Gas supply contracts should have words that clearly deal with the results of a natural disaster.

The 2005 hurricane season had the most significant impact on the Gulf Coast oil and natural gas industries in history. Physical damage to Gulf Coast facilities was extensive, and the impact on supply was unprecedented, with 100% of Gulf oil production and 94% of natural gas production down during Hurricane Katrina. With this decrease in production, natural gas prices skyrocketed.

The consumers hardest hit by price fluctuations such as those seen in the wake of hurricanes are large industrial consumers, such as textile and manufacturing factories and gas-fueled electric power plants. This is true not only because of the large volume of natural gas they consume, but also the fact that these consumers tend to purchase natural gas directly from producers pursuant to supply contracts that use a short-term (either weekly or daily) index price or spot pricing. In an already volatile market, daily prices can skyrocket when a hurricane hits.

The National Oceanic and Atmospheric Administration (NOAA) predicts three or four major hurricanes this hurricane season. With this in mind, suppliers and consumers of natural gas should have a firm understanding as to how their supply contracts may be affected when hurricanes make the delivery or taking of natural gas impossible, difficult, and/or more expensive.

This article discusses the protection that may or may not be afforded by the inclusion of a force majeure clause in a supply contract and what suppliers and consumers should look for in reviewing existing supply contracts and negotiating new ones.
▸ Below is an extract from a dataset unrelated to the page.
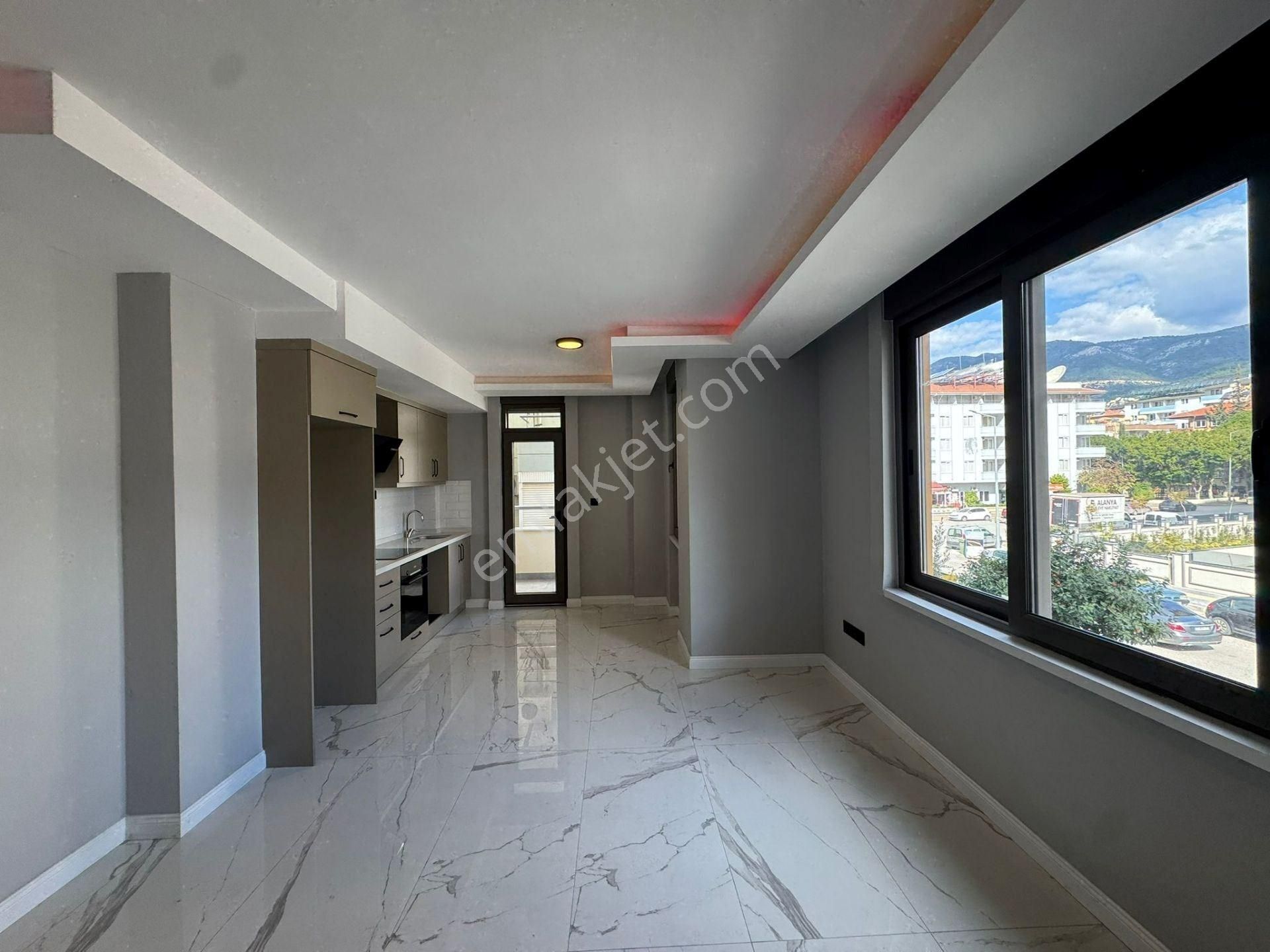 Alanya Oba Gölde Denize 250 Metre – Full Renovasyonlu 1+1 Daire - Görsel 7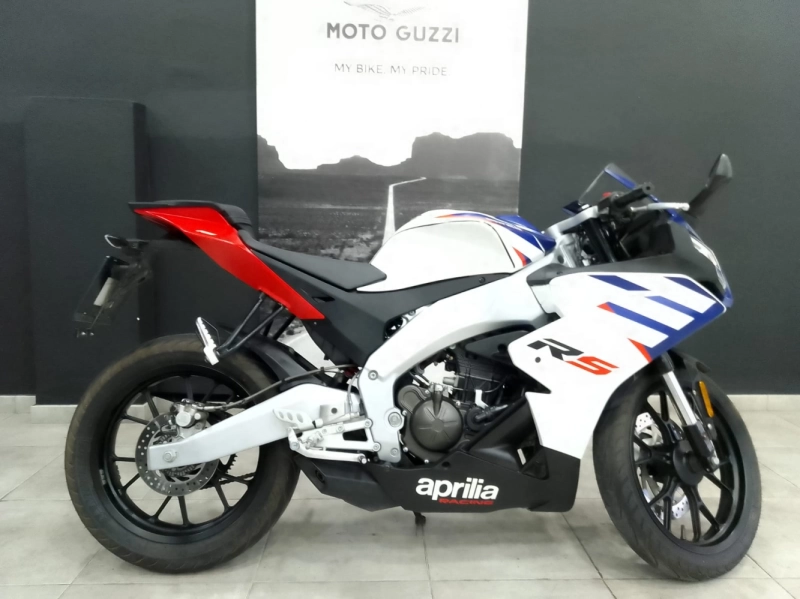 Moto 125 APRILIA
Every supplier and consumer of natural gas should review its natural gas supply agreements to see if they contain a force majeure clause. Because force majeure clauses vary even within an industry, suppliers and consumers should ensure that if they have multiple supply contracts--both vertical (upstream and downstream contracts) and horizontal (contracts with multiple customers)--the force majeure clauses therein are aligned so that the effect of a hurricane or other weather event is treated consistently in all transactions.

Finally, suppliers and consumers should understand the scope of force majeure clauses, the requirements of providing notice of a force majeure event and invoking the clause, the effect of invoking the clause, and how to challenge a claim of force majeure.

Force Majeure

Most commercial contracts contain a "force majeure" clause. "Force majeure" is a term of art used in contracts to mean some "act of God" or action outside of the parties' control that excuses one party from performing under the contract. When force majeure clauses are negotiated by the parties, they normally define the trigger events under the clause (most commonly "acts of God," flood, fire, war, civil disturbance, embargoes, labor strikes, governmental actions, and terrorist acts) and the notice required to invoke the force majeure clause.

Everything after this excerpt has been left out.